The general misconceptions about regional areas also affect the way some people view regional universities. In some circles, it’s often thought that the best and brightest potential students should naturally aspire to attend a large, long-established university in a capital city.
But this is just one of many misperceptions about regional universities and the role they play. We need to better recognise the contribution regional universities make to the economy, their communities as well as learning and research.
A matter of perception
It’s clear that regional universities build up educational opportunities and human capital for regional Australia. But they also build much the same for the nation as a whole and this is only increasing.
At its heart, the effort to strengthen Australia’s regional universities is all about giving a “fair go” for the areas they serve. After all, these areas generate two-thirds of Australia’s wealth while lagging behind on many measures of social progress.
There are gaps in educational outcomes in rural and regional areas with Year 12 completion rates about 20% lower than in the capitals, and 12% of adults in regional Australia having a degree compared to 27% in the capitals.
This shows there is more to be done, but more support for regional universities is not an act of pork barrelling or charity and the institutions need to continue to earn their place by undertaking quality teaching and research. They are doing this, with innovative pedagogy and a real focus on targeted, strategic research that provides tangible benefits for the regions, nationally and internationally.
One of the misconceptions sometimes held about regional universities is that they are somehow a lesser option for under-performing regional school leavers unable or unwilling to study at a capital city institution, but the actual statistics paint a different picture.
For example, at the University of Ballarat the average age of students is 26 and 20% studying with us are from capital cities. This cohort of older, wiser students is actually looking for a different type of university experience and lifestyle and its members are prepared to study at regional universities to find what they want.
A fair go for the regions
Luckily for regional universities, it seems that the long-held belief that Australians support a fair go holds true. The Australian Bureau of Statistics last month launched its latest Measures of Australian Progress report which tracks our aspirations as a nation.
During the launch the Australian Statistician, Brian Pink, summarised some of its findings, saying, “we found that Australians feel that having equal opportunity or a fair go, is an essential element for progress. They also want an economy that meets Australia’s needs today, tomorrow and into the future. People feel that the non-material aspects of life such as recreation, sport, popular culture and the arts are also important for progress.”
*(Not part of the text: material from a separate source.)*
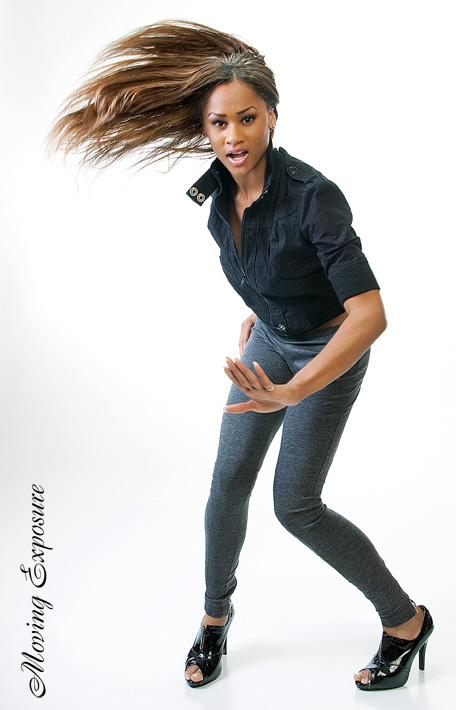 Male and Female model photo shoot of Moving Exposure and Sherica Elaine in Home Studio DeSoto Tx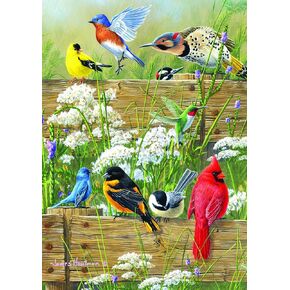 Buffalo Games - Hautman Brothers - Songbird Menagerie - 300 LARGE Piece Jigsaw Puzzle, 21-1/4inx15in , Green in Kuwait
They also found that Australians think having a say in the decision making that affects their lives, and having institutions that are accountable for their decisions, is crucial.
As responsive, nimble institutions deeply embedded in their communities, regional universities currently play leading roles in advancing every single one of these key measures of progress and aspiration.
The Bradley Review of Higher Education in 2008 highlighted inadequacies in provision of higher education across regional and remote Australia. The institutions belonging to the Regional Universities Network (RUN) are now actively engaged in an agenda to address many of these inadequacies.
This is why RUN members signed a formal Accord last month allowing wide scope for collaboration between our universities in a range of areas.
The Accord – which is the first of its kind between regional universities – will benefit our students, staff and communities. It allows us to address the relevant issues – thin markets, the need for comprehensive offerings in teaching and learning, the need to collaborate in research, and the opportunity to boost the sustainability and capacity of our institutions in regional Australia.
It also covers such areas as joint appointments, multi-badged degrees, credit transfer arrangements for students, internal staff vacancies and professional development activities, and the consolidation of appropriate support functions.
We all want to be part of building a clever country, but this ambition also requires clever regions. And the basic Australia-wide aspiration for a fair go demands that regions have high-quality educational opportunities in universities that offer agility, provide responsiveness and are deeply engaged with their communities.